Don’t get carried away just yet, though – Casey isn’t willing to commit to Powell on Wade publicly just yet.
“If that happens, if that matchup is there, if we have that matchup, again, it’s a challenge,” Casey said. “Dwyane Wade and Joe Johnson is a challenge for any team. They’re veteran scorers, they’re born scorers, they’ve done it for a long period of time, in the playoffs. It’s a challenge for whoever guards him. I’m not saying Norm’s gonna guard him, but whoever guards him, it’s going to be a challenge.”
Powell should see time on Wade. I think the Raptors will stick with their moderately effective new starting five, bringing Powell off the bench for some defensive energy in slightly sheltered minutes. The Raptors will roll with three wings or two guards and two wings fairly often – they’ll probably stick to a three-big rotation – and Powell will be prominent in those, probably seeing time on a number of different Heat players.

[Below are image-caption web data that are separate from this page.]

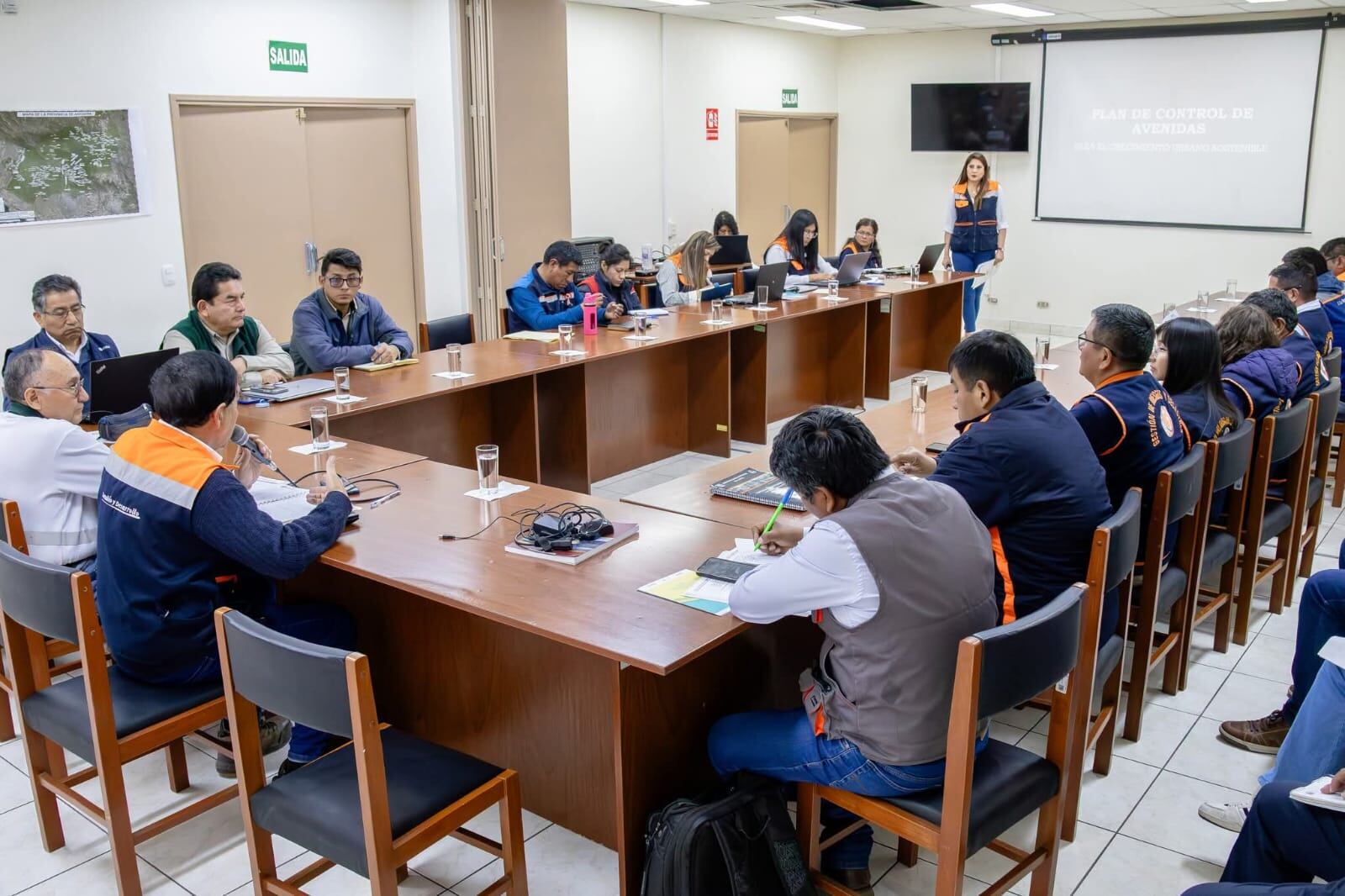 Reunión de municipios de Arequipa en el COER. Foto: GEC.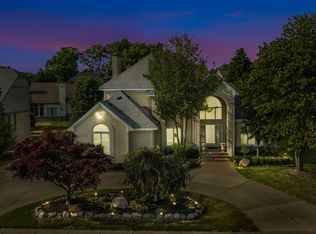6819 Torybrooke Cir, West Bloomfield, MI 48323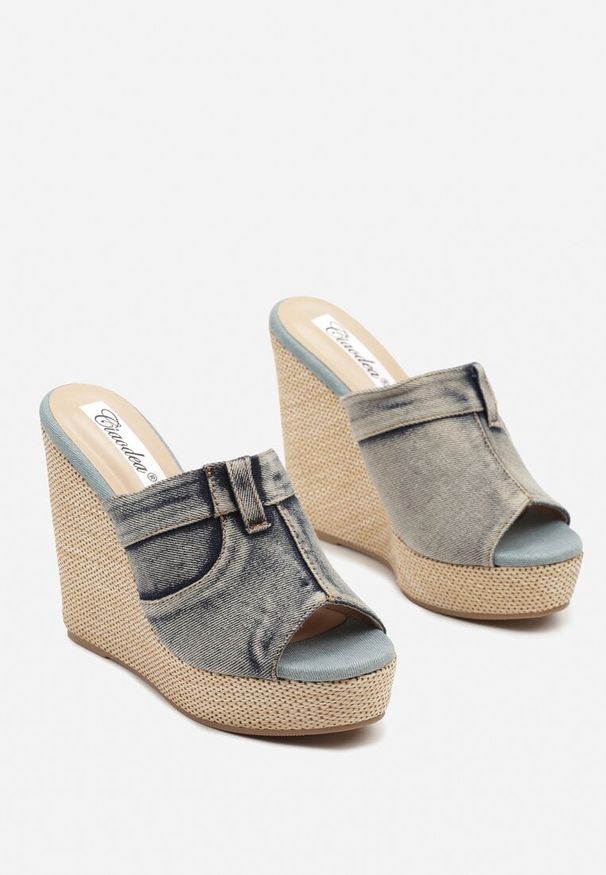 Renee - Niebieskie Klapki na Platformie i Koturnie Stylizowane na Denim Iveltia. Okazja: na co dzień. Kolor: niebieski. Materiał: denim. Wzór: aplikacja. Obcas: na koturnie. Styl: elegancki, casual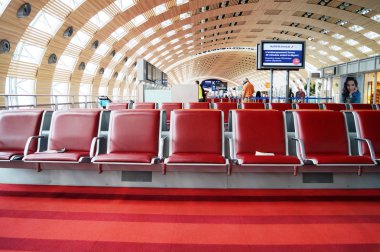 Toulose, Fransa - 9 Temmuz 2015: Charles degol Airport, Cdg
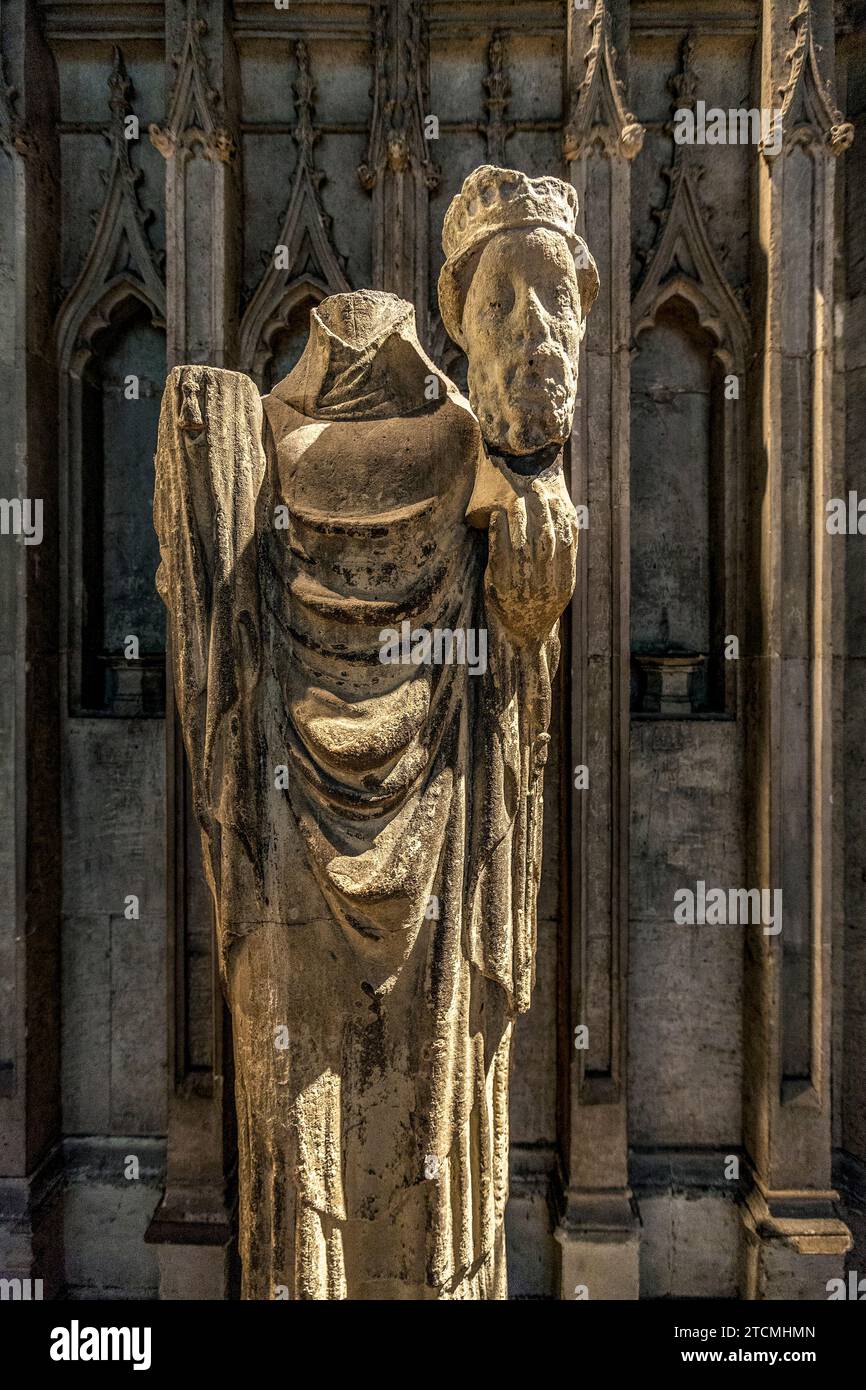 Statue des Heiligen Cuthbert, der seinen Kopf hält, Durham Cathedral Stockfoto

Former teammates square off
One of the more fun storylines of the series will be the point guard battle between former teammates Kyle Lowry and Goran Dragic. They’re still close despite having battled for minutes over two seasons in Houston, going at it in practice daily.
“Me and Goran, we have a great relationship,” Lowry said. “We shared some time together in Houston and it’s definitely going to be a good challenge, it’s going to be fun. At the end of the day, he’s still a guy I respect, he’s earned the respect of the fellow NBA players. I’ve watched him be my backup, to the guy starting over me, and him going to Miami and playing well…His game’s changed, my game’s changed. It was like five years ago so we’re both different players. You can watch film and go back to what you saw in practice but it’s a different team, different sets, different approaches.”
Those practices? Pretty intense, according to DeMarre Carroll, who played five games with the 2010-11 Rockets.
“It was great man. You got one feisty bulldog and then you got another feisty European so it was great,” Carroll said. “Back then I wasn’t really playing so I could just sit on the bench and watch these guys and it was great.”
Lowry and Dragic have squared off 11 times since Lowry departed Houston, with Lowry winning seven, and Carroll correctly pointed out that both players are far different – and improved – since their time together.
Lowry health update
Of course, Lowry struggled shooting the ball in the opening round, and that’s a pretty major concern heading into a series against the Heat, where Lowry’s offense is crucial. For anyone curious as to what’s going on with Lowry’s shooting, Zach Lowe said on the Lowe Post podcast on Monday that he’s not hearing Lowry’s hurt.
“The murmurs I’m hearing are that his elbow is fine, and that this is just a slump or something else is going on mentally with him,” Lowe said.
For his part, Masai Ujiri said on Sportsnet 590 this evening that Lowry and DeRozan are “too good for this to go on” and that he expects better against the Heat.